This exhibition marks the 100 year anniversary of some women gaining the right to vote in Britain, it brings to light the contributions made by female archaeologists in the twentieth century at Avebury’s Stone Circles & Henge, National Trust World Heritage Site and the wider archaeology field.
Curated by BU's Damian Evans and Bethan Bailey.
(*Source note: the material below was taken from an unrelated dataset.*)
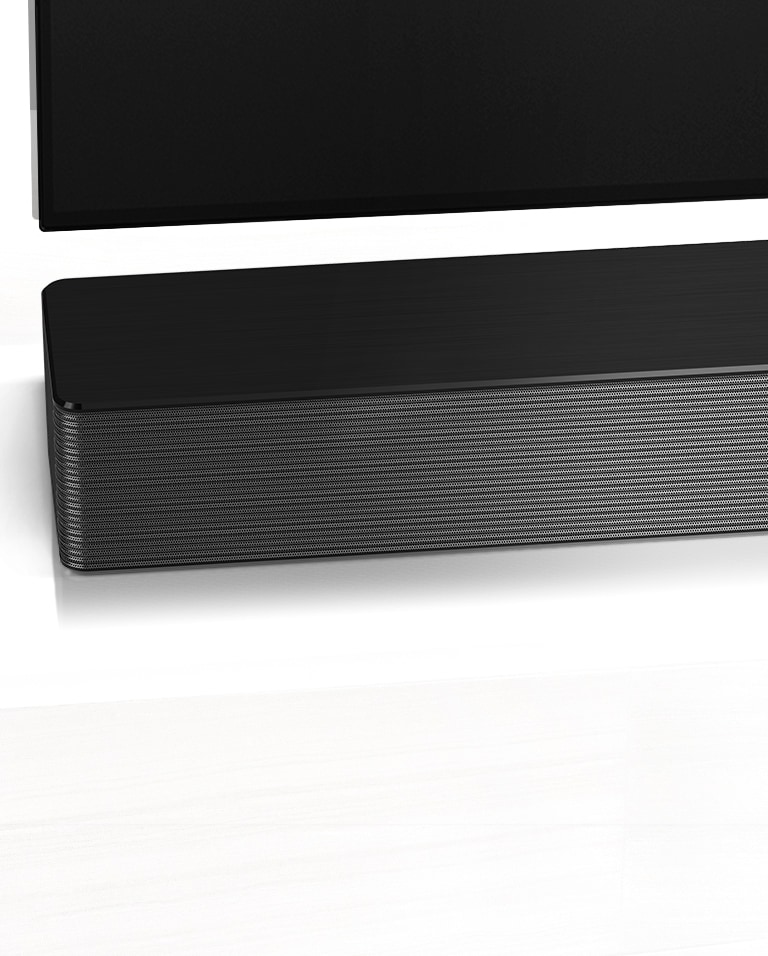 Κοντινό πλάνο του LG Soundbar στην αριστερή του γωνία. Η κάτω αριστερή πλευρά της τηλεόρασης είναι επίσης ορατή.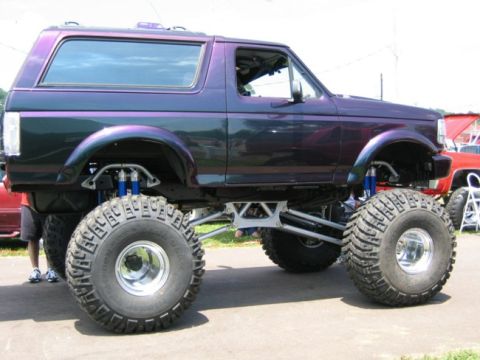 1994 Ford Bronco - This custom lifted Ford Bronco features a unique paint job and oversized tires, with a red truck in the background.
Staff and students in the Department of Archaeology and Anthropology at Bournemouth University have had a long and fruitful association with the Avebury WHS, and worked closely with National Trust staff and with many farmers and landowners who have kindly facilitated surveys and investigations.
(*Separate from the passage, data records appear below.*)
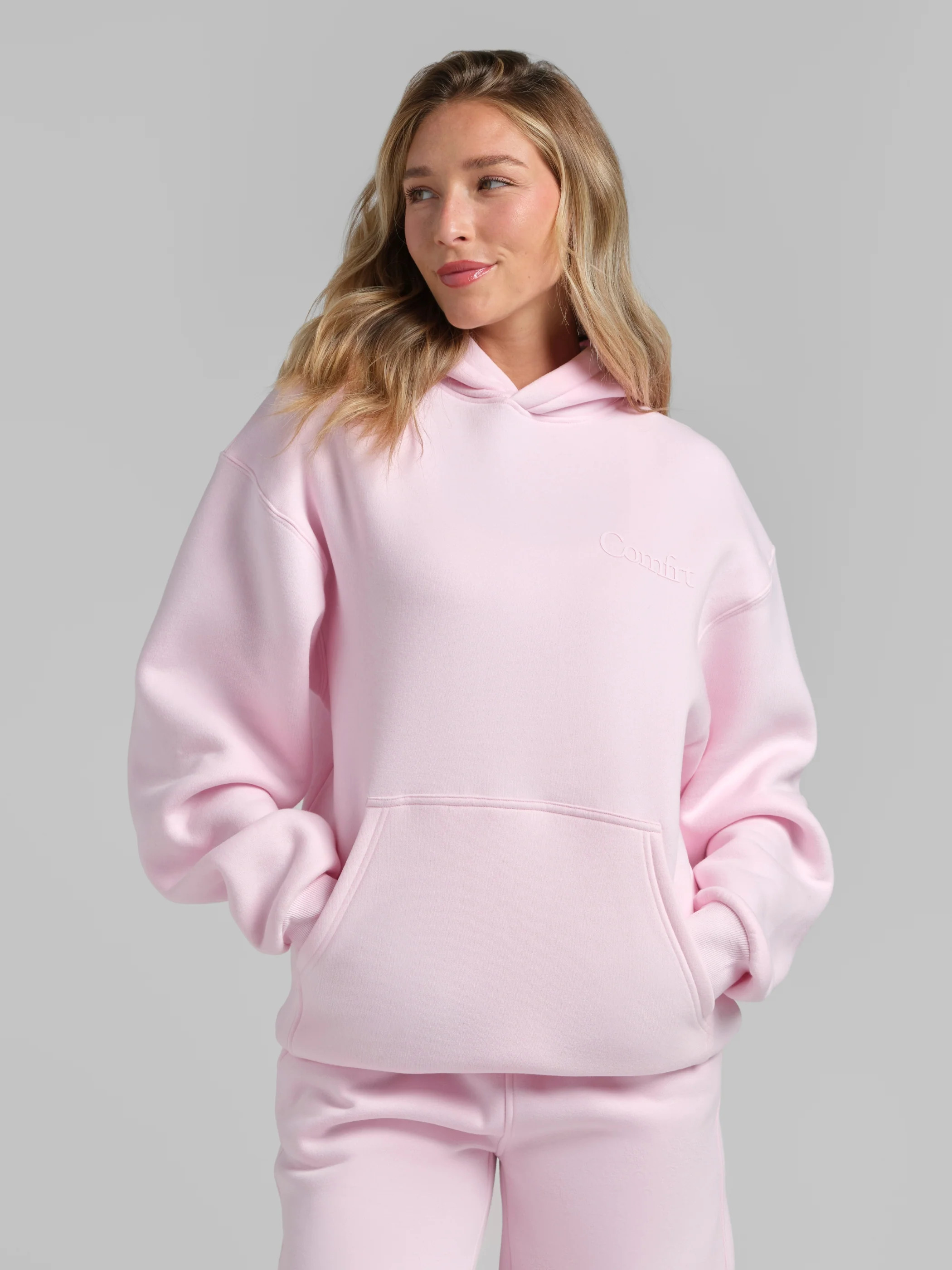 Comfrt Minimalist Hoodie – Mega - Powder Pink / S | Shop.app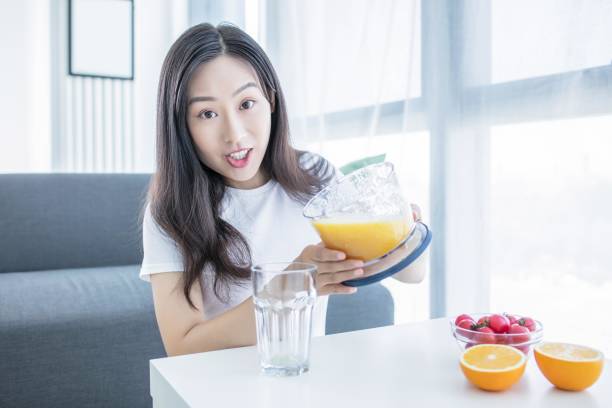 istock Asian woman making orange juice in the kitchen 2171907118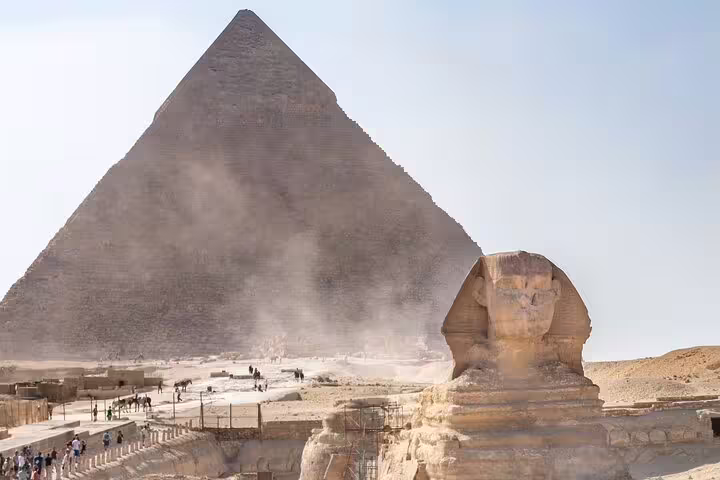 Sphinx with Great Pyramid of Khafre in background at Giza, scenic stop on private pyramids and museum tour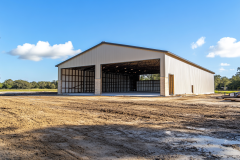 Spacious metal barndominium shell with open bays, ideal for workshop or living space conversion.
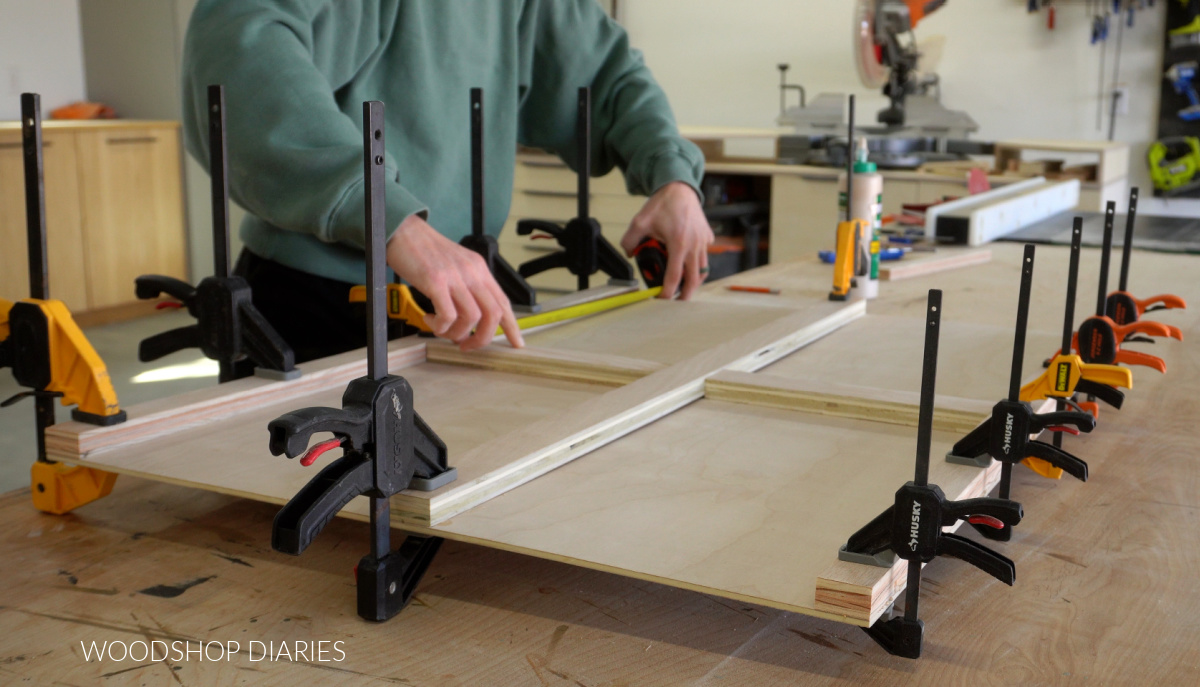 Shara Woodshop Diaries gluing and clamping puzzle board frame pieces to top panel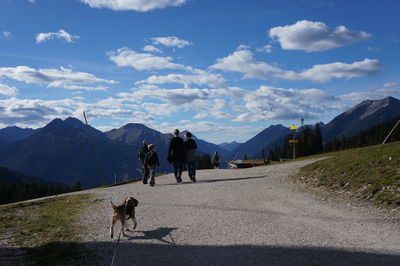 Man with dog walking on road against mountain range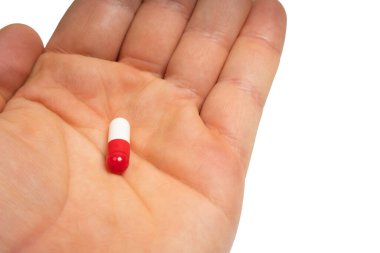 Hand holding red capsule on isolated white background. Red pill in human palm. Medicine, health, treatment and pharmaceutical concept. Close-up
A selection of objects from the Alexander Keiller Museum’s collection have been scanned and 3D printed for this exhibition, part of an MRes project by Bethan Bailey to investigate how archaeological objects can be made accessible to people with mobility difficulties.
Out in the landscape of Avebury, BU has been involved in several projects, including:
Extensive Geophysical Surveys
Discovery and plotting of many previously unrecognized sites in partnership with the Deutsches Archäologisches Institute and the National Trust.
Between the Monuments / Living with the monuments
Investigating the character of human settlement in the Avebury landscape, Arts and Humanities Research Council funded collaboration.
A 3D fully immersive VR simulation of prehistoric Avebury allows participants inside the model to experience the site as never before. Collaborative project with BU, National Trust Daden Ltd and Satsymph, funded by AHRC/ Engineering and Physical Sciences Research Council.
Human Henge at Avebury
A multi-disciplinary Heritage Lottery Fund project investigating the value of historic landscapes as a way of the enhancing mental health well-being of people with long-term mental health issues.
We are delighted to host this celebrative exhibition; it will be on display in the Atrium Gallery, Poole House, Talbot campus until 18 December 2019.
The Breaking Ground exhibition was created by the Alexander Keiller Museum in Avebury who have kindly loaned it to the University for display. It has been produced in association with the National Trust and TrowelBlazers.